発見駆動型宿主間相互作用のためのラベルフリー定量プロテオミクスワークフロー

ここでは、質量分析ベースのプロテオミクスによる感染時の宿主と病原体の相互作用をプロファイルするプロトコルを提示する。このプロトコルは、標識のない定量を使用して、1回の実験で、宿主(例えばマクロファージ)と病原体(例えば クリプトコッカス・ネオフォルマン)の両方のタンパク質の存在量の変化を測定する。

私たちのプロトコルは、宿主と病原体の両方の観点から真菌感染症を調査し、病気にとって重要な生物学的システム間の相互作用を特定します。1回の実験で真菌タンパク質と宿主タンパク質の両方を検出し、感染時にのみ生成される真菌タンパク質、つまり新規感染関連タンパク質を同定できます。私たちは、治療のための新しい抗毒性戦略を明らかにすることにより、真菌感染症の治療に焦点を当てていますが、私たちのプロテオミクスとバイオインフォマティクスのパイプラインは普遍的であり、多くの生物学的システムに適用できる可能性があります。

私たちのアプローチは、さまざまな病原体と多数の免疫応答の研究の基礎を築き、クリプトコッカスと自然免疫系との関係に関する新たな洞察を提供するために使用できます。病原体に対するマクロファージの応答と、十分な真菌タンパク質の検出は重要です。したがって、各種のMOIと時点をテストして最適化することをお勧めします。
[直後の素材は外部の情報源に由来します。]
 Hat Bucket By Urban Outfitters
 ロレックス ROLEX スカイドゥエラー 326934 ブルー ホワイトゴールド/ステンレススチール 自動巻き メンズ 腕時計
マクロファージと真菌細胞の培養は困難な場合があるため、共培養後に何を期待すべきかを知ることが重要です。視覚化により、研究者は手順の実装に自信を持つことができます。マクロファージ感染用の真菌細胞を調製するには、中長相培養からC neoformans細胞を採取して遠心分離し、続いて同じ遠心分離条件下で1ミリリットルの室温PBSで3回穏やかに洗浄します。

最後の洗浄後、真菌細胞を抗生物質を含まない細胞培養、中濃度の1ミリリットルあたり1.2倍10〜8番目の細胞で再懸濁し、70%〜80%コンフルエントの6ウェルマクロファージ培養プレートの4つのウェルのそれぞれに1ミリリットルの真菌細胞懸濁液を添加します。その後、プレートを細胞培養インキュベーターに3時間置きます。プレートを慎重に傾けて、各ウェルを1回の洗浄につき1ミリリットルのPBSで3回優しく洗浄できるようにします。

最後の洗浄後の感染能力を測定するには、6ウェルプレートの各ウェルに1ミリリットルの抗生物質を含まない培地を追加し、プレートを細胞培養インキュベーターに入れます。適切な実験時点で、各ウェルから上清を収集し、標準プロトコルに従って各ウェルのLDH量を測定します。同時に、感染していないマクロファージ細胞を溶解して、最大の細胞毒性の値を決定します。

その後、細胞毒性は、示されている式を使用して計算できます。未感染のマクロファージの収集と共培養のためには、未感染のマクロファージの各ウェルに1ミリリットルの冷たいPBSを添加します。1分後、プレートを軽くたたいてウェルの底から細胞を剥がし、細胞懸濁液を1本の15ミリリットルチューブにプールします。

遠心分離によって細胞を回収し、上清を完全に除去して、ペレットを液体窒素ですぐに瞬間凍結し、マイナス80度で保存できるようにします。データセットへのプロセスの主成分分析により、予想通り、データ間の分離の最大の要素は感染したサンプルと感染していないサンプルであることが明らかになりました。サンプルの2つ目の際立った特徴は、その生物学的多様性です。

ピアソン相関とユークリッド距離による階層クラスタリングを組み合わせると、感染サンプルと非感染サンプルの明確なクラスタリングが示され、再現再現性は95%から96%の範囲ですBenjamini-Hochberg False Discovery Rateを使用して複数の仮説検定を補正したStudents'Tテストは、非感染対照と比較して感染中の存在量に有意差があるタンパク質を特定するために実行できます。この解析では、感染時に発現に有意な変化を示す117の宿主タンパク質が同定されました。特に、感染中に予想されるように、真菌タンパク質の存在量の大幅な増加も観察されました。

マクロファージは、共培養、洗浄、サンプル採取の際に優しく取り扱うことが重要です。病原体が宿主にどのように適応し、宿主が感染からどのように防御するかを定義することで、微生物学と免疫学の分野に新たな知見がもたらされます。